# Monsoon's Last Hurrah!



## imp (Sep 8, 2015)

8 Sep 2015, all morning, clouds gathering over the mountains ringing Colorado River Valley, we went for groceries, I told my wife, finally, today's the day! Just took this pic off our patio, sun shining brightly, looking west:




Rain is pouring down perhaps 30 miles distant, over in California, maybe several miles in width, this is typical of precip. here, unlike temperate areas where huge areas are "socked-in" with cloud cover.
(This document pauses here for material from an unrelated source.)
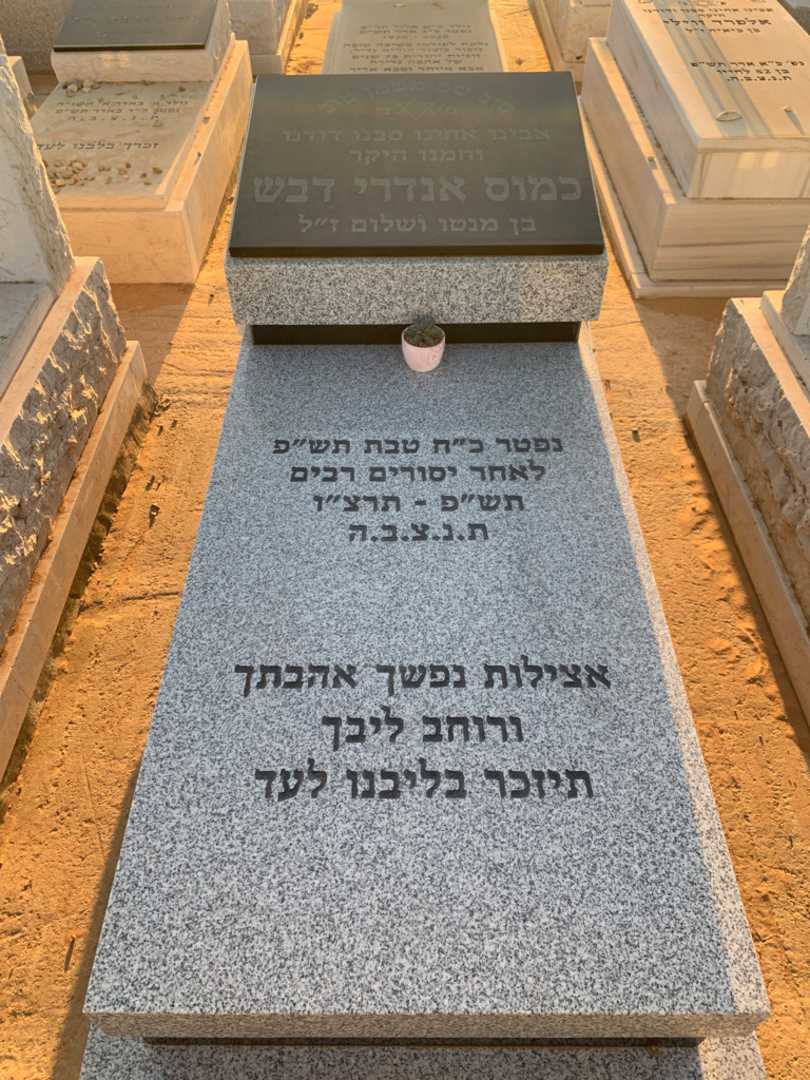 קברו של כמוס  אנדרי דבש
My first sighting of this about 40 years ago, travelling on vacation, mountains perhaps 50 miles distant, one large cloud hanging over them, driving across seemingly endless flat desert toward that spectacle, I was dumbfounded! Bolts of lightning in that gray sheet! Never in my 30-born years had I seen something so unusual, regarding weather conditions.

I present it for those here who may never have ventured to the Desert before, or simply missed this type of rare (maybe 10-15 times a year) atmospheric scene.  imp


----------



## AZ Jim (Sep 8, 2015)

We usually get hit lightly here compared to my time in Lake Havasu City.  There in a monsoon rain the street would run like a river.  For those who never saw it in the desert it is spectacular and something the newcomer can't imagine.


----------



## imp (Sep 8, 2015)

AZ Jim said:


> We usually get hit lightly here compared to my time in Lake Havasu City.  There in a monsoon rain the street would run like a river.  For those who never saw it in the desert it is spectacular and something the newcomer can't imagine.



Jim is located more centrally in the state, a much-larger valley than ours, that area being in general, spared of the year-round Santa Ana winds we experience. To be sure, he knows full-well of the summertime dust storms, rarer here. This particular rainy season, his area, Phoenix, has been most generously hit with heavy rain, street flooding, and dust storms. We have not, regrettably, as the desert plants desperately need precipitation, but continue to cling to life.

The three months following September are typically pretty devoid of rain. The winter rains come in from the Pacific, mainly, opposed to summer, where hurricane activity in the Gulf of Mexico extends the monsoon "reach" clear up into Canada, producing what the local Native Americans termed "male" storms; winter rains are much more subdued, nice, quiet showers spread over larger land areas, those of course were "female" rains!    imp


----------



## Lara (Sep 8, 2015)

Great photo imp! I like the contrast of textures


----------



## imp (Sep 8, 2015)

Lara said:


> Great photo imp! I like the contrast of textures



Thank you, Lara! FWIW, it fizzled again, surrounding areas got rain, not a drop here. However, several "cells" are still moving about; my wife keeps up to date with current radar views, which we've found are quite accurate.    imp


----------



## Ken N Tx (Sep 9, 2015)

Today we got our first rain in 60 days....2 hour soaker..Much needed...
.


----------